Goats can also provide meat. Raising goats is just one way people with a small plot of land could be more self-sufficient, Keller said.
“People really don't realize if you took a 10 by 20 spot in the yard, at home how much food that spot would create.”
Inside his survivalist shop, Keller sells dried food that has a long shelf life, and water purification materials.
“There are people that I know locally that are in the 97 percent self-reliant.”
Some of these people Keller knows might be called “doomsday preppers," a subgenre of folks who prepare their home to be able to survive on their own, in case of a catastrophic event.

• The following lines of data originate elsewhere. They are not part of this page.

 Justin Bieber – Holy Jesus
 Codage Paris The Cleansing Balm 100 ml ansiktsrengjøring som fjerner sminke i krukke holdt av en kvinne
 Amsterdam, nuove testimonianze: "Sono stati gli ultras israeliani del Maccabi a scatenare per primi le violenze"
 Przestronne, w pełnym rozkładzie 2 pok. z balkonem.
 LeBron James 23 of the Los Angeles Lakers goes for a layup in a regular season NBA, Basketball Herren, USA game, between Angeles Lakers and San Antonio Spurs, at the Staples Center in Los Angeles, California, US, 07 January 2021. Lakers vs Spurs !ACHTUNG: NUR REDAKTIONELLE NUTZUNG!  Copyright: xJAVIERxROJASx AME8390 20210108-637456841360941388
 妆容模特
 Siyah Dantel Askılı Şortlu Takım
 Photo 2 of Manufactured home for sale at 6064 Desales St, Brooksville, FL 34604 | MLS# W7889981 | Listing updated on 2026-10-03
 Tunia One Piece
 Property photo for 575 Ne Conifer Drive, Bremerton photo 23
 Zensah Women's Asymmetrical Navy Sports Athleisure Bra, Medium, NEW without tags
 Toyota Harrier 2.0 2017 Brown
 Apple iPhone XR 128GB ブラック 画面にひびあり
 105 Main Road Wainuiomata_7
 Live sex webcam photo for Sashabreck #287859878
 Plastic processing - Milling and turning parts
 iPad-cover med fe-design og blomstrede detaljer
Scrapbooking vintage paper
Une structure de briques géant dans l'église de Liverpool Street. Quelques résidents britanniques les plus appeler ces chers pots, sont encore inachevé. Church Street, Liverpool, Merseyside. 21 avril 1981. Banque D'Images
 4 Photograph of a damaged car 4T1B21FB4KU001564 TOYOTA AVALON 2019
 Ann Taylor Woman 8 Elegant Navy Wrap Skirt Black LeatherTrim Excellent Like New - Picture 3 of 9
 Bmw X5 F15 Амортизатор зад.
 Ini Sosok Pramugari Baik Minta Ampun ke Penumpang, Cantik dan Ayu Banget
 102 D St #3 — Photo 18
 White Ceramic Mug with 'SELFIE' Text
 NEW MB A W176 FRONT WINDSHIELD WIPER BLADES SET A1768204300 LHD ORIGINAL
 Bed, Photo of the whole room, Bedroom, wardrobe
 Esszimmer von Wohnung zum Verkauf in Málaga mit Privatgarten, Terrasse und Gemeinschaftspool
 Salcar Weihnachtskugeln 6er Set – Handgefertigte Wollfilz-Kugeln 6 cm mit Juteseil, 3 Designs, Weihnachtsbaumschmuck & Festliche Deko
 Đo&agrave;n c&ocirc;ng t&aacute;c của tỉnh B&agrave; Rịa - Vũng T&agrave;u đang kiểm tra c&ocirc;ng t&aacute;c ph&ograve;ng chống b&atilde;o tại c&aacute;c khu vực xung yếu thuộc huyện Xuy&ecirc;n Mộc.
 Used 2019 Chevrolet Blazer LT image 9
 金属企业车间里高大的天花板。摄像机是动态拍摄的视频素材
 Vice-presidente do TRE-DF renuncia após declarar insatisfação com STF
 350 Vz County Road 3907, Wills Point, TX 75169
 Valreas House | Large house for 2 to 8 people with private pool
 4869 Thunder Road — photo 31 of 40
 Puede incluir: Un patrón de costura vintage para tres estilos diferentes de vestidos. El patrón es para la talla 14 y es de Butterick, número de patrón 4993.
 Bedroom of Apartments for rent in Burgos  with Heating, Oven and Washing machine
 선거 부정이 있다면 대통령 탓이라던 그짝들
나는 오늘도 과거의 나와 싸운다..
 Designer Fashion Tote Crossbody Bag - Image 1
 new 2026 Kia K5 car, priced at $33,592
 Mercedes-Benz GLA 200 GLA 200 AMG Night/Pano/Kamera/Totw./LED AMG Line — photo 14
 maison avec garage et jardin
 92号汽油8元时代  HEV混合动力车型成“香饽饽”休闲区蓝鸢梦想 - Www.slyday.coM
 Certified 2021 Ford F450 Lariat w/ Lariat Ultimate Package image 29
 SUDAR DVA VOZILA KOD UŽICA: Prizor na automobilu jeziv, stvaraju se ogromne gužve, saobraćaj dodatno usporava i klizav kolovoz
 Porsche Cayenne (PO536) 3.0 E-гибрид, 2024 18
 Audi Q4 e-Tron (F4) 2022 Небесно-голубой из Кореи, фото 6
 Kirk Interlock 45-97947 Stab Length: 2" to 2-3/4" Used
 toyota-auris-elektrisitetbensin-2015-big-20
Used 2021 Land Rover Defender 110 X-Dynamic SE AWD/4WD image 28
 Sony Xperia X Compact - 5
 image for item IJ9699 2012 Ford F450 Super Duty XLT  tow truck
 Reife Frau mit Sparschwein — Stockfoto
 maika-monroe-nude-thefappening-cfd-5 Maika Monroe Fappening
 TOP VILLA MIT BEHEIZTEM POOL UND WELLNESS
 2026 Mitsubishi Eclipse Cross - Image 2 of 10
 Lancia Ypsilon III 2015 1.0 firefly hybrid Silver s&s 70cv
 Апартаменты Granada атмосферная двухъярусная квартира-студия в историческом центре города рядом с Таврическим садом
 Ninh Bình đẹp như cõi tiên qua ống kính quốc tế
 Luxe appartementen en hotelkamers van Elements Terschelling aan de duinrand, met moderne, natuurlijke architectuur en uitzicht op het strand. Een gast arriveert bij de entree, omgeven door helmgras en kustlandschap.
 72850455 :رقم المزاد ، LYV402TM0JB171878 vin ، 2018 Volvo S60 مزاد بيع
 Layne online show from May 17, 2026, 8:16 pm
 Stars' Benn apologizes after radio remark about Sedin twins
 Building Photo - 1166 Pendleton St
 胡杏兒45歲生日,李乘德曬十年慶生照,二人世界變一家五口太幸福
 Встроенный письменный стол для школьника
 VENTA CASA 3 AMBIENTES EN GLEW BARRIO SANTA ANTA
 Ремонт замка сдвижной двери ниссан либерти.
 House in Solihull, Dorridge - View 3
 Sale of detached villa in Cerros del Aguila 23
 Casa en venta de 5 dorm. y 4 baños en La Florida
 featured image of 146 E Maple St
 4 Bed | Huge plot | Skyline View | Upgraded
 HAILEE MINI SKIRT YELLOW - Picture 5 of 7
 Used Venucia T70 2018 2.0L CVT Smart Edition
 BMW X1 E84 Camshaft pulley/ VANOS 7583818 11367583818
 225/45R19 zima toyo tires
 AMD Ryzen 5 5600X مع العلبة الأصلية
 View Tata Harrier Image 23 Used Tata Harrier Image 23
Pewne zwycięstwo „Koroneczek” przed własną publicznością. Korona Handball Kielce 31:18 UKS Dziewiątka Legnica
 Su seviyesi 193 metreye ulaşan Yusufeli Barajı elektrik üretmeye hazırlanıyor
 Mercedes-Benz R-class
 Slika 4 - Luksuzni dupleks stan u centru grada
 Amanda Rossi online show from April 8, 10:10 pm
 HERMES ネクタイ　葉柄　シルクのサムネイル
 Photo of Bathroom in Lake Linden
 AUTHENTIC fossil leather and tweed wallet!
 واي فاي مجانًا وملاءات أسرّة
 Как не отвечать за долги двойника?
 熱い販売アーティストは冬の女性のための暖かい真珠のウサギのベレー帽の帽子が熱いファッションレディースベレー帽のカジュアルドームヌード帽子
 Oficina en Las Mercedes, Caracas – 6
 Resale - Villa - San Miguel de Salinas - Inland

But Keller said he sees all ranges of people in his store who are interested in learning to survive without having to go to the store.
“My business in general is going up rapidly.”
Beyond his own business, Keller sees other signs that more people seem to have an interest in self-reliance.
“I mean, even our elementary schools are putting in gardens, right, to teach kids where food comes from. Because the kids don't know where food comes from,” Keller said.
This lack of knowledge and skills makes people pretty vulnerable, compared to our grandparents or great-grandparents, Keller said. Things like canning, growing food, carpentry and basic mechanics — there is a lot that our West Virginian ancestors understood that we lost.
“I think it’s a product of 21st century America,” Keller said. “We were sold this approach growing up that well, you if there's a problem go buy the solution.”
But Keller said he thinks people in West Virginia have retained a lot of these skills and knowledge.
“You go to rural areas and those self-sustaining skills and activities are still alive and well. When you look at less densely populated states, you have a lot of this activity going on.”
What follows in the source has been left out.